[PATCH v21 5/7] x86/crash: add x86 crash hotplug support

Mon May 1 11:33:47 PDT 2023

On 4/28/23 13:31, Hari Bathini wrote:
> 
> On 28/04/23 2:55 pm, Baoquan He wrote:
>> On 04/27/23 at 10:26pm, Hari Bathini wrote:
>>> On 27/04/23 2:19 pm, Baoquan He wrote:
>>>> On 04/27/23 at 12:39pm, Hari Bathini wrote:
>>>>> Hi Eric,
>>>>>
>>>>> On 04/04/23 11:33 pm, Eric DeVolder wrote:
>>>>>> When CPU or memory is hot un/plugged, or off/onlined, the crash
>>>>>> elfcorehdr, which describes the CPUs and memory in the system,
>>>>>> must also be updated.
>>>>>>
>>>>>> The segment containing the elfcorehdr is identified at run-time
>>>>>> in crash_core:crash_handle_hotplug_event(), which works for both
>>>>>> the kexec_load() and kexec_file_load() syscalls.

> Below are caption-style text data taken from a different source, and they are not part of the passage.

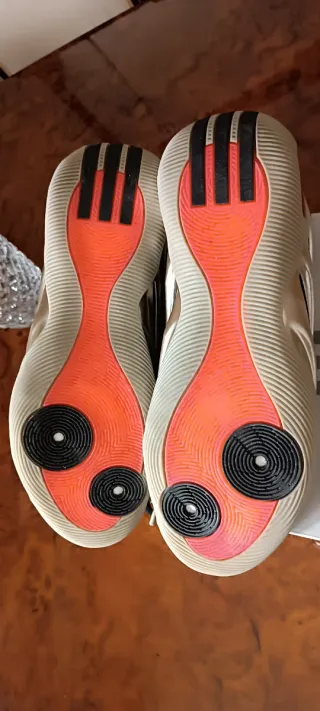 Adidas Harden Volume 9 Scarpe da Basket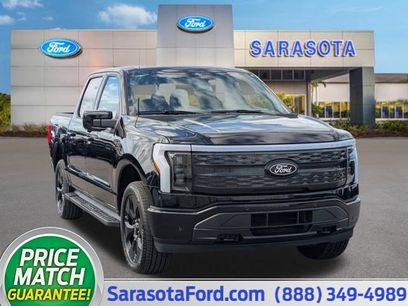 New 2025 Ford F150 Lightning Platinum w/ Dark Elements Package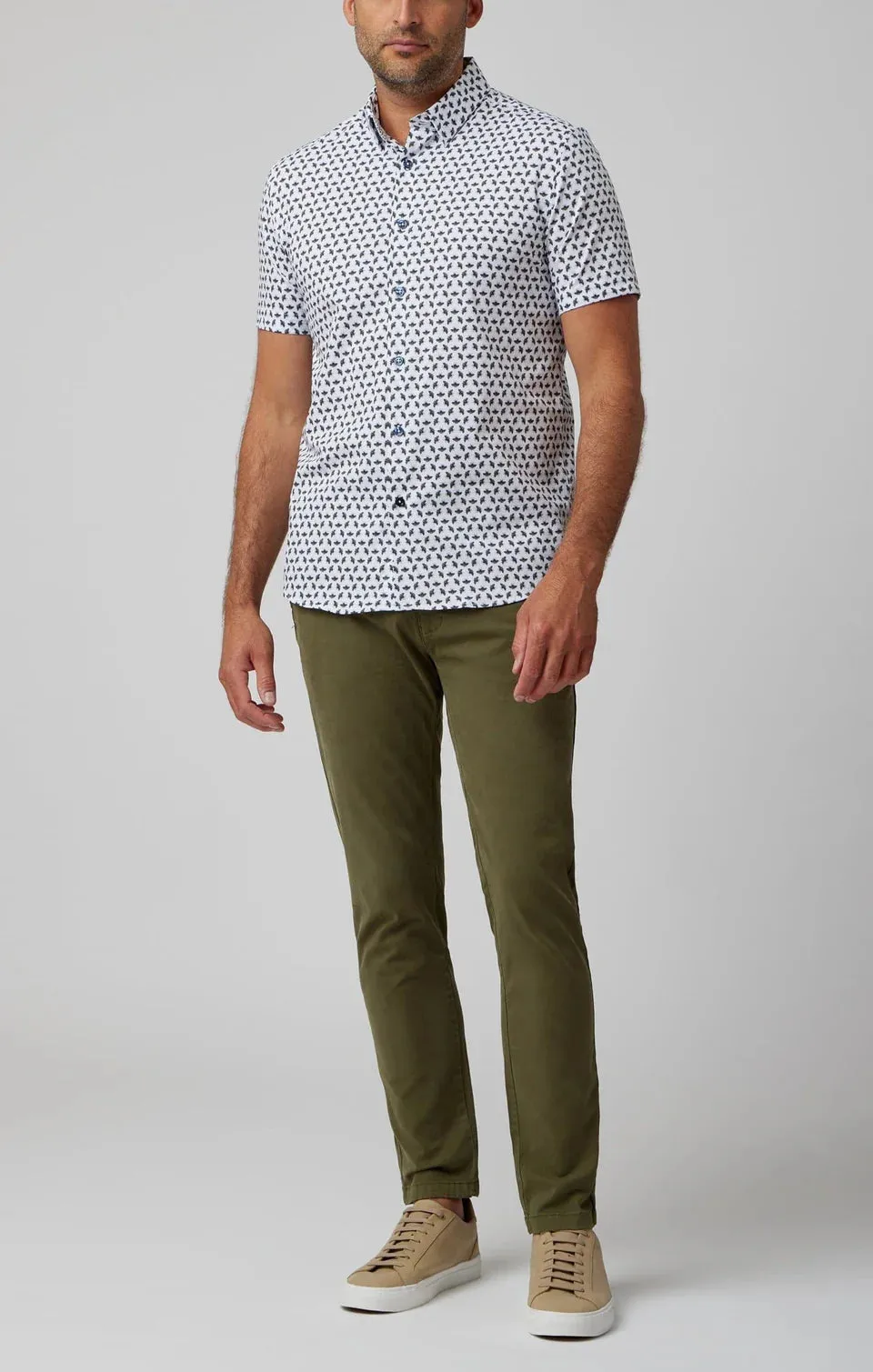 Printed Bees Short Sleeve Knit Shirt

A new elfcorehdr
>>>>>> is generated from the available CPUs and memory into a buffer,
>>>>>> and then installed over the top of the existing elfcorehdr.
>>>>>>
>>>>>> In the patch 'kexec: exclude elfcorehdr from the segment digest'
>>>>>> the need to update purgatory due to the change in elfcorehdr was
>>>>>> eliminated.  As a result, no changes to purgatory or boot_params
>>>>>> (as the elfcorehdr= kernel command line parameter pointer
>>>>>> remains unchanged and correct) are needed, just elfcorehdr.
>>>>>>
>>>>>> To accommodate a growing number of resources via hotplug, the
>>>>>> elfcorehdr segment must be sufficiently large enough to accommodate
>>>>>> changes, see the CRASH_MAX_MEMORY_RANGES description. This is used
>>>>>> only on the kexec_file_load() syscall; for kexec_load() userspace
>>>>>> will need to size the segment similarly.
>>>>>>
>>>>>> To accommodate kexec_load() syscall in the absence of
>>>>>
>>>>> Firstly, thanks! This series is a nice improvement to kdump support
>>>>> in hotplug environment.
Thank you!

>>>>>
>>>>> One concern though is that this change assumes corresponding support
>>>>> in kexec-tools. Without that support kexec_load would fail to boot
>>>>> with digest verification failure, iiuc.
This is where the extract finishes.